The SEC formed its Financial Reporting and Audit Task Force in July 2013. So far, the group has yet to produce findings that have led to an enforcement action. Given more time, it’s expected that the task force’s efforts will lead to some legal complaints and settlements.

Nearly a year after forming the Financial Reporting and Audit Task Force, SEC lawyers still haven’t charged anyone with fraud as a result of the group’s investigations.

“Financial fraud cases are complicated, and they take time to build; they don’t happen overnight,” Enforcement Division chief Andrew Ceresney said during a question-and-answer session with the District of Columbia Bar Association in Washington on June 11, 2014. “And so we haven’t yet seen the first results of the task force.”

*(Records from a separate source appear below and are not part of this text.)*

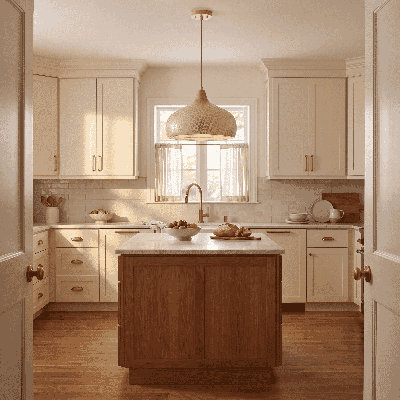 1-Light Pendant in Ivory and Gold Shell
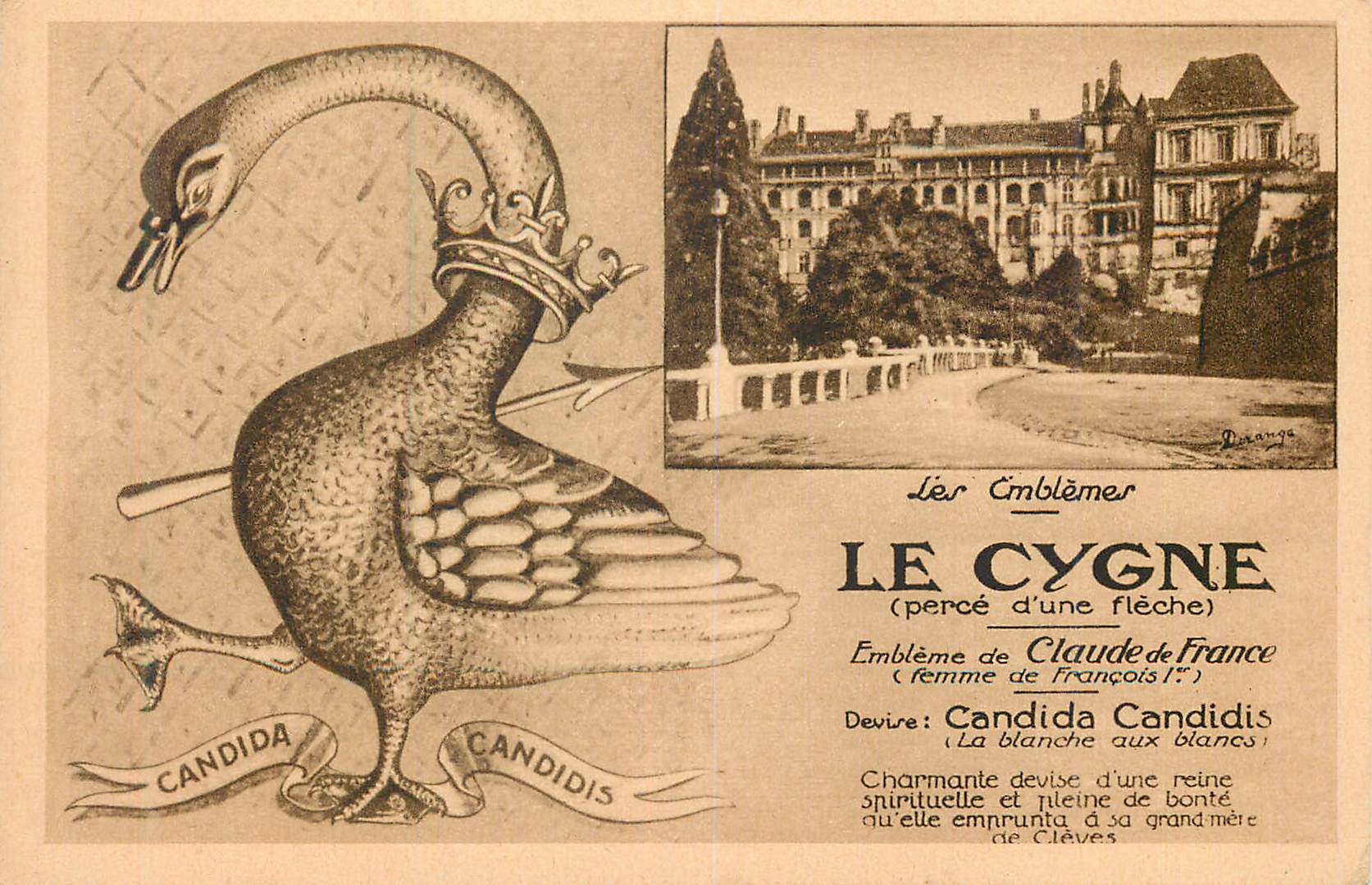 CPA Le Cygne (perce d'une fleche) Embleme de Claude de France Francois 1er Blois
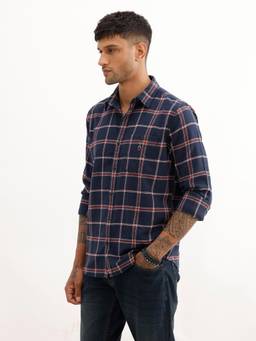 WROGN - Mens Checks Navy Blue Full Sleeves Casual Shirt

He stressed that he was confident that there will be enforcement actions in the future.

Ceresney explained that in the last few years, the SEC’s enforcement resources targeted cases that arose from the 2008 financial crisis. But the focus on accounting is “very important.”

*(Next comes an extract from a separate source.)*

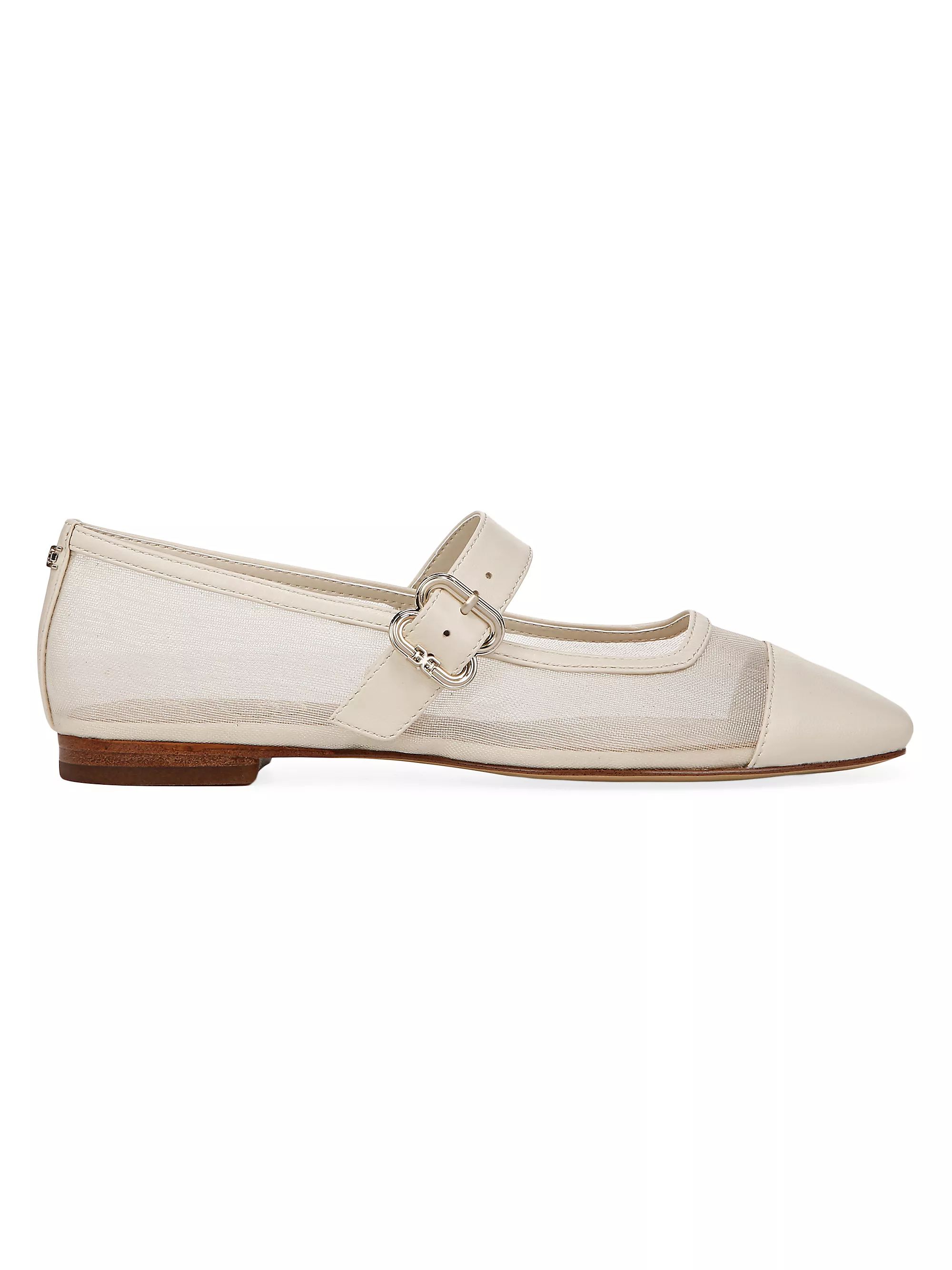 Miranda Leather & Mesh Mary Jane Flats | Saks Fifth Avenue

“Obviously financial statements and the accuracy of financial reporting is critical to our markets,” said Ceresney, who’s been with the agency 13 months. “So you know you start off with the premise that it’s a critical area.”

The SEC brought a number of important financial reporting cases in 2014, such as CVS Caremark Corp., Diamond Foods Inc., and AgFeed Industries Inc.

“Some people sometimes attempt to attribute the cases to the new task force,” Ceresney said. “They are not the result of our recent effort, but they do reflect an increased focus on the area.”

The enforcement director doesn’t expect investigations to uncover violations that are reminiscent of the fraud epidemic of 2001-2002 that included companies like Enron, WorldCom, Adelphia Communications, and Tyco.

“That may be because controls have gotten better,” Ceresney said, citing the Sarbanes-Oxley Act of 2002. The requirements of the landmark law have made it more difficult for fraud to escape detection for very long.

Still, SEC officials are uncovering faulty financial reporting controls at some companies and weak implementation of accounting standards in areas that are traditionally sources of fraud, including revenue recognition, recording of expenses, setting aside loss reserves, and newer areas like goodwill.

Ceresney said Enforcement Division staffers opened some new investigations in the last six months in part because of the task force’s work. He stressed, however, that the purpose of the task force is not to find obvious cases.

“If there is big restatement that’s announced tomorrow, we are going to open a matter and look at that,” Ceresney said. “We don’t need a task force to identify those kinds of cases. But we need the task force to find cases that aren’t so obvious.”

Ceresney was asked whether the task force has been using the Accounting Quality Model being developed by the Division of Economic and Risk Analysis to ferret out financial reporting abuses.

“I think it’s still in prototype,” he said.

In the past few months, SEC officials have been downplaying the Accounting Quality Model’s prowess. It has sometimes jokingly been called robocop. The regulators say it will be just one of several tools they use to fight fraud.